The Constant Gardener was a bit of a mystery for me, I had seen the trailer and some of the blurbs associated with it and it really did look like a great huge conspiracy thriller. I was expecting high talent and some edge of your seat. It’s really pretty clear from the beginning of the movie that the pace was a lot slower than I was expecting, and there was bags of style as well as some superbly natural acting.
First though, many thanks to Ocean Terminal Vue Cinema for letting us all see The Constant Gardener.
It’s a great multiplex in Edinburgh, with the best hot dogs…a bone of contention this particular afternoon as we were really late for the start of the movie and since I hate missing any part of a movie we raced straight up there and watched the entire movie absolutely starving – here’s a tip, don’t make that mistake yourself!
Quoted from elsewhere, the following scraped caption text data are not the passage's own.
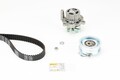 WASSERPUMPE + ZAHNRIEMENSATZ FÜR VW TRANSPORTER - CONTINENTAL CTAM CT908WP2
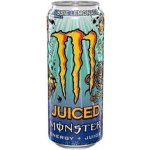 Monster Aussie Lemonade 500 ml – Sleviste.cz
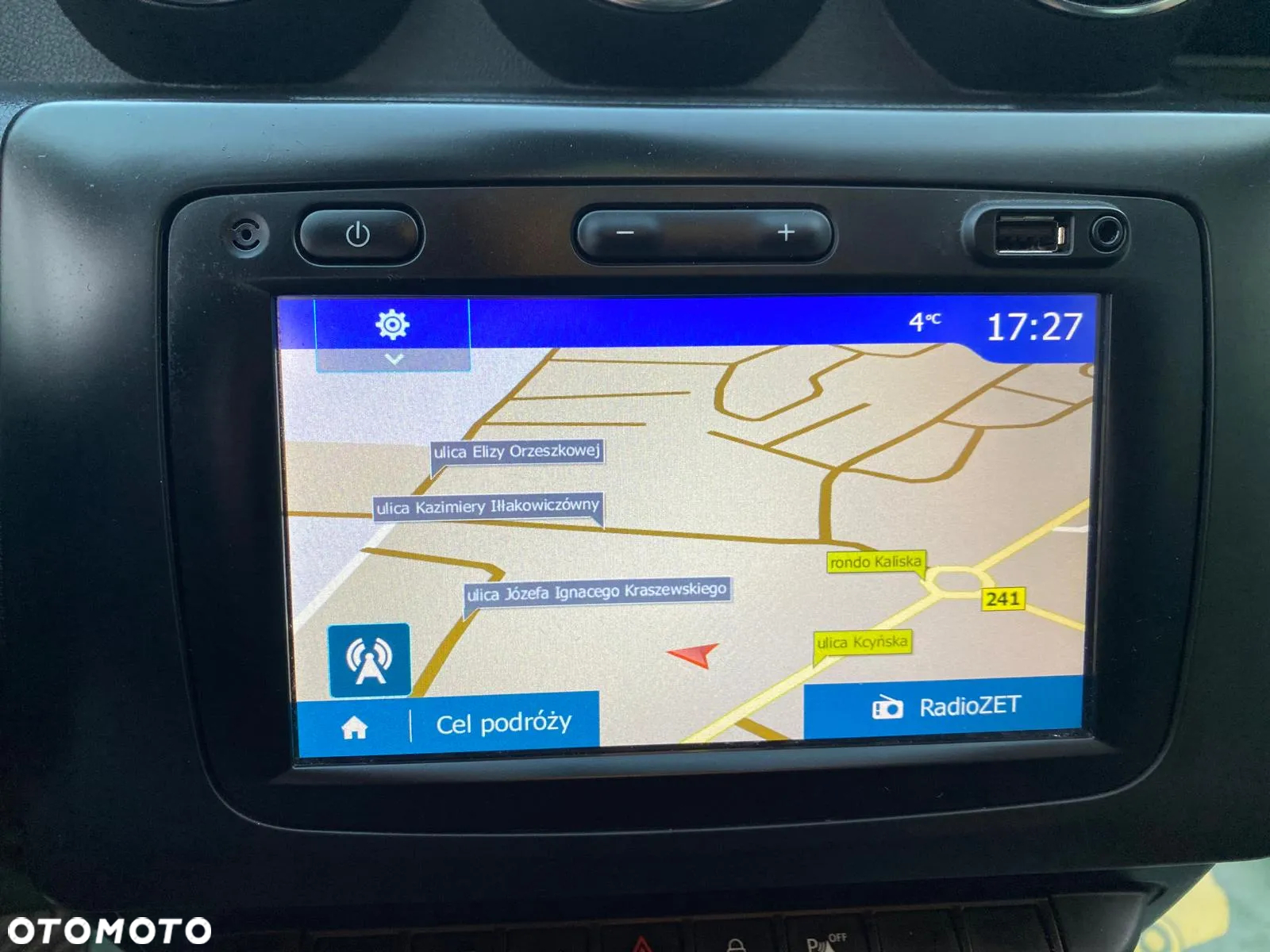 Dacia Duster 1.5 Blue dCi Essential - 14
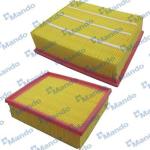 Hava Filtresi Renault Laguna İi/espace İv 1.9-2.2 02-8200799 - MANDO MMF015332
There were four of us there, so before my review lets see what everyone else thought. Okay, they’re on ten scales, I’m on five, but hey, you can double up!
I didn’t get a hotdog!
Very thought provoking film. African scenery fantastic. Felt it was terrible to see big companies exploiting a poor nation.
Quite good. Insightful into how powerful drug companies are.
So that’s what everyone else thought of the movie, but since this is my review, what did I think?
From the opening there are some strong performances, and I was amazed at how natural the performances of Danny Huston and in particular Rachel Weisz. Weisz was stunning, from her delivery of lines, her facial expressions right through to the scene where she was drying herself from a bath. Her performance was mesmerising and utterly convincing, I’ve never seen her give such an amazingly strong performance.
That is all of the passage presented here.